My comments focused on four concerns about freedom of speech, with primary reference to teaching and learning in the undergraduate classroom in institutions of higher education.  First, for universities and colleges, freedom of speech cares about content.  In higher education, we are not interested in blather, in cant, or in empirical falsehoods.  Our standards for freedom of speech within the institution are higher than is the case in daily discourse, because higher education needs free speech for exchanging ideas.  We can give room for exchanges of opinions and preferences, but ideas are central.
 
Second, freedom of speech cares about context.  In the classroom, we have internal inclusion, insofar as all CWRU students are welcome to enroll and, once enrolled, are free to sit in our classrooms and to speak.  We are also concerned, however, with the challenges of internal exclusion, in the “ways that people lack effective opportunity to influence the thinking of others even when they have access to fora and procedures of decision-making” (Iris Marion Young, in Inclusion and Democracy, 2000, 55).  It is possible to be present but still feel silenced.  Such internal inclusion requires a context within which all can participate meaningfully.  In particular, Young offers the concept of “greeting,” of acknowledging one another in their particularity…,” recognizing others, accepting “an ethical relation of responsibility for the other person” that constitutes public acknowledgement (Young 2000, 58).  In the classroom, we create the context for meaningful freedom of speech, respectful of content, that a university education requires.
 
Third, freedom of speech is uncomfortable.  Speaking freely requires facing the reality that what one is saying may ill-informed, unreflective, and empirically wrong.  It also requires the recognition that others, with freedom of speech, may also speak back.  To quote Jackson Pearce, “freedom of speech doesn’t mean freedom from judgment” or freedom from ideational conflict or disagreement.
 
Finally, in the university, freedom of speech is continuous, by which I mean it takes place not in a single or even singular event but rather unfolds across time.  One can wait to speak; one can speak, reflect, and speak again; one can consider and then defend the content of one’s speech.  Just as teaching and learning are processes, freedom of speech in universities is a process of meaning-making, the construction of knowledge, and the pursuit of truth, with speech in interaction moving across time.
 
As I sat down to write these comments, I found that I had already written something similar in the March 6, 2017, Newsletter.  You may find those comments in the Newsletter archives on our POSC webpage here.
 
With all best wishes,
Karen
 
Karen Beckwith
Flora Stone Mather Professor
Chair, Department of Political Science
 
I disapprove of what you say, but I will defend to the death your right to say it.

– Voltaire

 
I’ll be damned if I’ll defend to the death your right to say something that’s statistically incorrect.   

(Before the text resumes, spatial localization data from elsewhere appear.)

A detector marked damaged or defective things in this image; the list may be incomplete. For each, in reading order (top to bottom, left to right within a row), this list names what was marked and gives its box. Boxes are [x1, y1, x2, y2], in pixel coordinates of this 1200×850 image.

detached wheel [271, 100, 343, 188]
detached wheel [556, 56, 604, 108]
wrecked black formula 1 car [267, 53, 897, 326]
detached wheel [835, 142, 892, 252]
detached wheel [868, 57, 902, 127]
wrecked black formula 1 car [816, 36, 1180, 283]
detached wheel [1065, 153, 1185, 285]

– Cartoon in The New Yorker magazine.
 
 

 
General Announcements

  • Undergraduate students are encouraged to apply for the second annual Arnaud Gelb Journalism Awards and Internship Grants, featuring up to $2,000 in prize money and internship funding. Applications are due March 19.
  • Students are invited to apply for the Stephanie Tubbs Jones Award. The award in her honor was established to recognize an underrepresented undergraduate student for significant contributions to campus life, scholarship and community service. Applications are due March 4.
  • The Career Search Guide is a book of “everything career” with content written by the CWRU Career Center staff, and it covers topics ranging from career exploration and decision making to gaining field-related experience to applying to graduate or professional school or getting a post-graduation job, plus the details in between.
  • Stay up to date with the department by following our Twitter feed! Check it for day to day opportunities and information!
  • Like us on Facebook! Our department will be regularly posting events, opportunities, and general information to our page!

Events

Friday Lunch: The Past and Future of Net Neutrality
March 2, 12:30-1:30p.m., KSL Dampeer Room
Join CWRU Law School Professor, Aaron Perzanowski, for a discussion on the history and the future of Net Neutrality following the December 14 FCC vote to repeal “Net Neutrality” regulations on internet service providers.

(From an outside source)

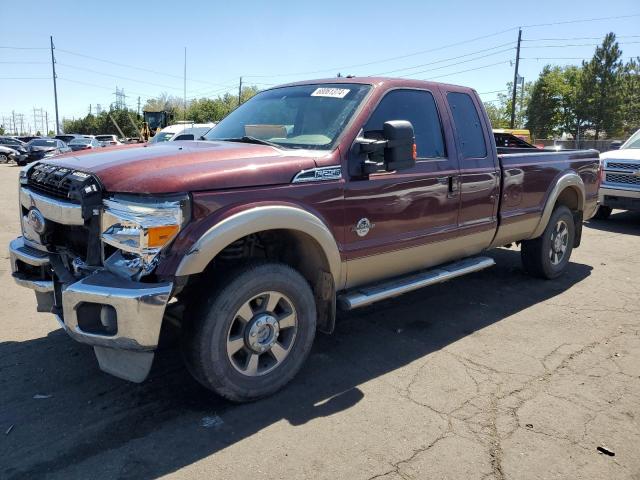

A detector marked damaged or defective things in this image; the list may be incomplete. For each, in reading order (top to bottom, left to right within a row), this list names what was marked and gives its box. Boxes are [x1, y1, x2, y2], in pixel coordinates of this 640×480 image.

damaged front bumper [9, 236, 172, 382]
broken plastic debris [201, 414, 224, 430]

Cleveland Humanities Festival
March 1-April 13
The 2018 Cleveland Humanities Festival explores the roles of health, health care, and the medical in culture and society from a variety of perspectives in history, literature, and the arts. 

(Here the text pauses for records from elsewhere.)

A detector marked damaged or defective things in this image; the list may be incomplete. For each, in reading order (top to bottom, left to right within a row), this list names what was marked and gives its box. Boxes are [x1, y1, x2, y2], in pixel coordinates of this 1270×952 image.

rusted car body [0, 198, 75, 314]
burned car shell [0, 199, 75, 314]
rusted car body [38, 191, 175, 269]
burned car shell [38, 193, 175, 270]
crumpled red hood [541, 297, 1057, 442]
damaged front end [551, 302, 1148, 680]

Diversity 360 Lunch and Learn: “Moving Toward a Complete History: Recognizing Women as Historical Agents”
March 2, 12:45p.m., Thwing Center 224
In honor of Women’s History Month, Lisa Nielson, director of the Flora Stone Mather Center for Women, will give a presentation reconstructing history to be more inclusive and recognizing women and other gender identities as historical agents with an open dialogue following.

Humanities Career Meet-Up
March 2, 12:45-2:00p.m., Clark Hall 206
March 7, 12:00-1:15p.m., Clark Hall 206
Join Lisa Grisez-Shullick, Assistant Director for Student Experience, from the CWRU Career Center for a Career Meet-up specifically for Humanities undergraduate students. In these sessions, Humanities students will receive resume development support, navigation tips for the Handshake career management system, and other helpful guidance for the career planning process.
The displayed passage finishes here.